En verdad, por las cuatro esquinas de la ciudad se tropieza uno con situaciones riesgosas: tragantes sin tapa, huecos profundos de meses o recién nacidos, motos posadas en la acera, rejas abiertas, fogones de leñas sin custodia, arbustos de espinas ansiosas bloqueando el paso, escaleras estiradas y escaleras enroscadas, superficies resbaladizas, montones de basura en aceras, esquinas y cunetas; perros guaposos y trocitos de perros… un ceremil, amenazas públicas para quienes no ven o ven poco; y para ancianos, limitados físicos-motores, noctámbulos, tragueados…
Valga que el santiaguero, para ayudar al necesitado en la calle, especialmente a la persona ciega, se pinta solo. La inseguridad y el peligro potenciales; sin embargo, persisten porque persisten las angustias económicas, la indisciplina social y la impunidad, conviviendo con una cultura que tira para soltarse de formas de pensar y hacer que no han tenido en cuenta las singularidades de la discapacidad, la diferencia.
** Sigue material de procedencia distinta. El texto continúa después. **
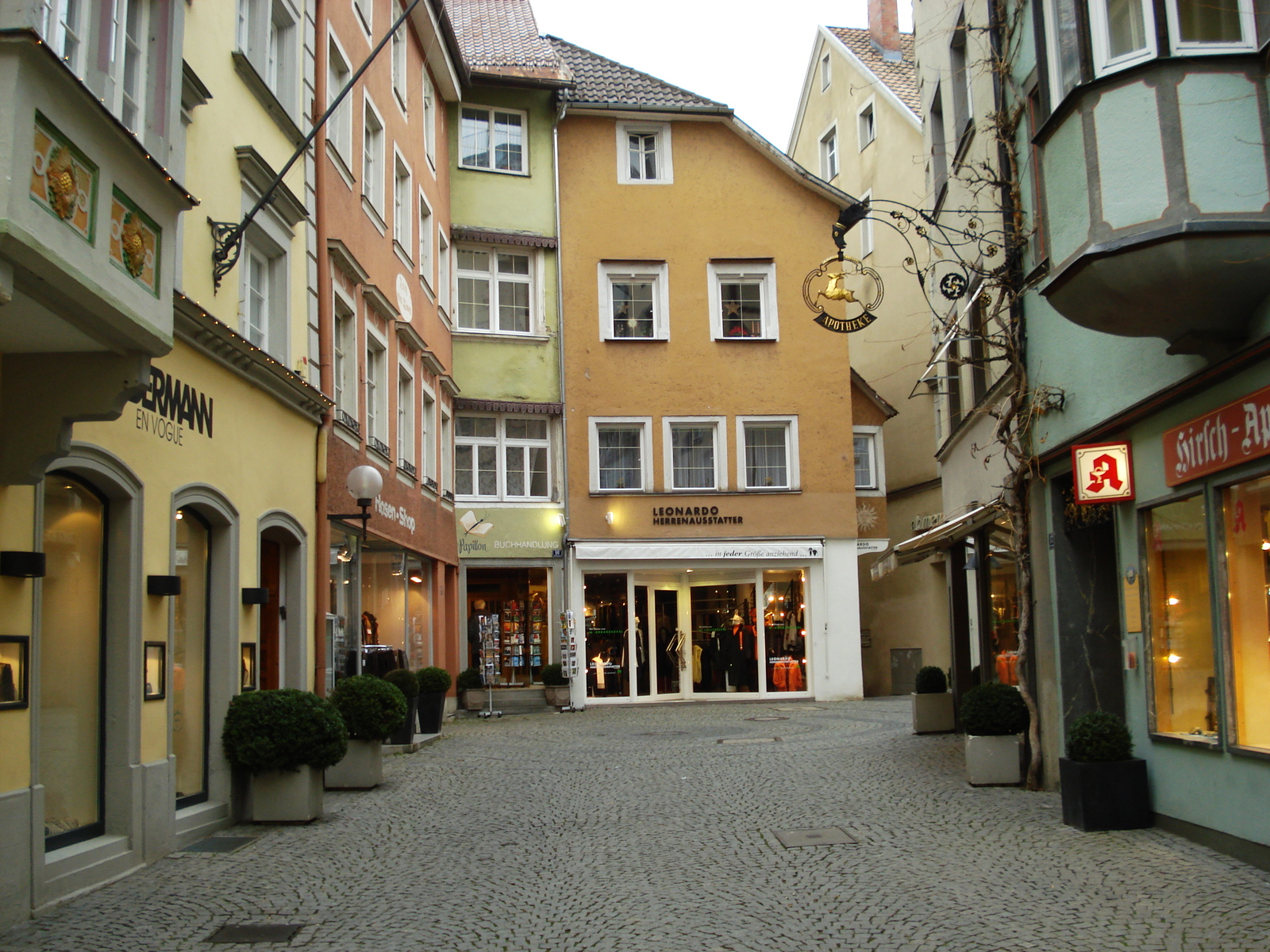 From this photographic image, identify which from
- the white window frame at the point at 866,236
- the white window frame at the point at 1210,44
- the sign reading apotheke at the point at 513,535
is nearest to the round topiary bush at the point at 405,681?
the sign reading apotheke at the point at 513,535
La batalla cultural es larga y difícil, se me ocurre decirle a M. Hernández, este santiaguero septuagenario de ojos apagados y espíritu inapagable, líder del proyecto Homero, que durante la pasada década luchó contra viento y marea, por supuesto, por inclinar la atención y animar su acción de autoridades e instituciones locales hacia la transformación de un entorno de riesgo para las personas con discapacidad visual y demás. Y Homero anduvo, hasta que la Covid y otros demonios le tendieron una zancadilla letal.
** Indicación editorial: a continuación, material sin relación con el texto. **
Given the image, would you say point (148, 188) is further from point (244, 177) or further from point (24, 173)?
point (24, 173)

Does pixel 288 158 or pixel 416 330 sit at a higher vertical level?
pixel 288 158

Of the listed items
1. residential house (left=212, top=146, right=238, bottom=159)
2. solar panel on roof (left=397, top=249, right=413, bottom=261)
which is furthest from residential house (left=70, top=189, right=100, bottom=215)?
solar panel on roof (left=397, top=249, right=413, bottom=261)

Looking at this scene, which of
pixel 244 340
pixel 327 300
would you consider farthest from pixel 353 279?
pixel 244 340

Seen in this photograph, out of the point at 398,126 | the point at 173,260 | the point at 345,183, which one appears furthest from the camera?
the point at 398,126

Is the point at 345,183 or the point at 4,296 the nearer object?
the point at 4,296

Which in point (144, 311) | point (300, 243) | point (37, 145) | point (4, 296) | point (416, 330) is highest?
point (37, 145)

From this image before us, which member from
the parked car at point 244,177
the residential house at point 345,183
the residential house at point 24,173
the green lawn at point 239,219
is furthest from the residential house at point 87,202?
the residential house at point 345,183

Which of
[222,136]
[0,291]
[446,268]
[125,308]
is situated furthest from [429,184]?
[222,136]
Ahora, sin embargo, asoma una oportunidad, nacida con la voluntad gubernamental de priorizar la atención a las vulnerabilidades humanas. Es la hora, digo yo, aun con nuestros graneados recursos de ejecutar un programita maduro, incesante y sostenible de supresión de las más peligrosas barreras citadinas, a saber, tragantes sin tapa, huecos y desniveles prominentes, superficies resbaladizas… ¡Ah! Y trasplantar tantas señales de tránsito, y hasta postes eléctricos, del medio de las aceras. Para empezar está bueno, y no costaría mucho, digo yo.
El tema de la peligrosidad vial para las personas con discapacidad visual, y otras da más si tanteamos la indisciplina social, la chapucería y voluntarismo constructivo, y su impunidad, por ejemplo; pero por ahora basta. Me voy, con mucho cuidado porque sería aterrador hundirme hasta las rodillas por tercera vez en un hueco empozado de miasmas, así como si nada en sendas concurridas, conocidas "confiables". Suerte que en ninguna de esas ocasiones me fracturé una pierna.
Toco madera. Sí, porque la calle está mala… y las aceras también.